The “Park” shelter concept installs tiny homes in available metered parking spaces in the city, similar to the approach SF Parks and Recreation and local business owners have adopted, using metered parking spaces for the city’s “parklets”.
According to SF’s parking census, there are 275,450 street spots with 26,750 that are metered.
The current homeless population is estimated at 6900.
Adults living on the streets of SF: 2962
Unaccompanied youth under 25 living on street: 1363
People in families living on the streets: 33
Adults living in SF emergency shelters: 1194
Unaccompanied youth under 25 living in SF emergency shelters: 337
People in families living in SF emergency shelters: 337
Under this concept, the city would relinquish 3000-6900 of the 26,750 metered spaces for temporary housing.
This method avoids negotiation with landowners (other than the city itself) for use of large continuous tracts / lots for legalized housing encampments.
Adopting a decentralized strategy for housing provides a more agile approach for rapid deployment to existing encampments and homeless populations.
Shelters at metered spaces can also be tracked and inventoried for mobilization around the city as necessary.
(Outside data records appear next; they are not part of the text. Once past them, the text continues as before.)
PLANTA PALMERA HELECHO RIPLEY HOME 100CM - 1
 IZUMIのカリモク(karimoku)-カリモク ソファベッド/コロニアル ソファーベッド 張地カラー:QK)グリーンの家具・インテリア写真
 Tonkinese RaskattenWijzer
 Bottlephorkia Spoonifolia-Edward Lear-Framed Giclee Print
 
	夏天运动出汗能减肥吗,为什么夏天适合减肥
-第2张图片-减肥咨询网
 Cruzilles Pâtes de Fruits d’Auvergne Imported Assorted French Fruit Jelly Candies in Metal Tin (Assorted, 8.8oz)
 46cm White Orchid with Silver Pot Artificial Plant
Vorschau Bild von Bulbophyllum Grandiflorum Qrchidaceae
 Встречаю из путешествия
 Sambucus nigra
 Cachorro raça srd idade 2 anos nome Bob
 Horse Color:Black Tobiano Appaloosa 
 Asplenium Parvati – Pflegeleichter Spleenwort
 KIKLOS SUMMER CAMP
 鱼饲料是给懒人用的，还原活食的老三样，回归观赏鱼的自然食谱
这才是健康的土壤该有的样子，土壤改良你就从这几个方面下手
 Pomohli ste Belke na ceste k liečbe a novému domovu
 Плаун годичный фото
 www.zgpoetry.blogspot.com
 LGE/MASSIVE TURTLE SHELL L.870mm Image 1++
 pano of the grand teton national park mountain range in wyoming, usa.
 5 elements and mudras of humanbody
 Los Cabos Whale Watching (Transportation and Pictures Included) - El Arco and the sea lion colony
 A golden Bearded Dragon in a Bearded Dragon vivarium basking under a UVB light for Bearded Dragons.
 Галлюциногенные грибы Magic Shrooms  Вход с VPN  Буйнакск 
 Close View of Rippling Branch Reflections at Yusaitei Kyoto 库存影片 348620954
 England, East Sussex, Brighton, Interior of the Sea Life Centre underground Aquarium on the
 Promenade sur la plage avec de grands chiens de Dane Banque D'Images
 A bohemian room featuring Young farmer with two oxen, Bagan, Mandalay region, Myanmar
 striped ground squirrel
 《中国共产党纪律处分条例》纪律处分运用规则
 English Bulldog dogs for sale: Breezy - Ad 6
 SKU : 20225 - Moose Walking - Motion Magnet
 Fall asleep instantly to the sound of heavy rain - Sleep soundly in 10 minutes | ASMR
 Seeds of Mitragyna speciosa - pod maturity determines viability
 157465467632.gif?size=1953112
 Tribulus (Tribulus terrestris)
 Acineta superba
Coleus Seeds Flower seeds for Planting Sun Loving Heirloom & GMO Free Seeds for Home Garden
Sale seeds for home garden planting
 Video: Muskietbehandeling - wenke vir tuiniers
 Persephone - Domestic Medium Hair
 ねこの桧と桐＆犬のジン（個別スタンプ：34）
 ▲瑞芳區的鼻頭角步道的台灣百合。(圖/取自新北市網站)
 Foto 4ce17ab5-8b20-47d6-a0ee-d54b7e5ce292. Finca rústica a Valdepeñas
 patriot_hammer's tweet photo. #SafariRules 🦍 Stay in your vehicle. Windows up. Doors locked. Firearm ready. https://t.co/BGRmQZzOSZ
Trackable housing also accommodates linkages to social services and tracking of registered shelter occupants.
“Park” Shelter Design
Like a set of Legos, a modular design approach using shipping containers maximizes flexibility, shrinking, growing and changing configuration to accommodate site specific conditions and service needs. Several container types are developed according to service function. Linked together in a chain, the containers form micro blocks, a new street front abutting the existing sidewalk. The concept includes “parklet” green spaces and potential space for micro businesses allowing programmatic flexibility, weaving the concept into the urban fabric. Rather than being a blight on the existing context, the containers can improve the streetscape.
Each shelter will conform to a 9’x20’ or 9’x40’parking space footprint. Size and configuration will vary pending design and development of housing types to accommodate homeless adults, youths, or families. The designs will also incorporate green design strategies such as the use of green roofs, compostable toilets, and solar power.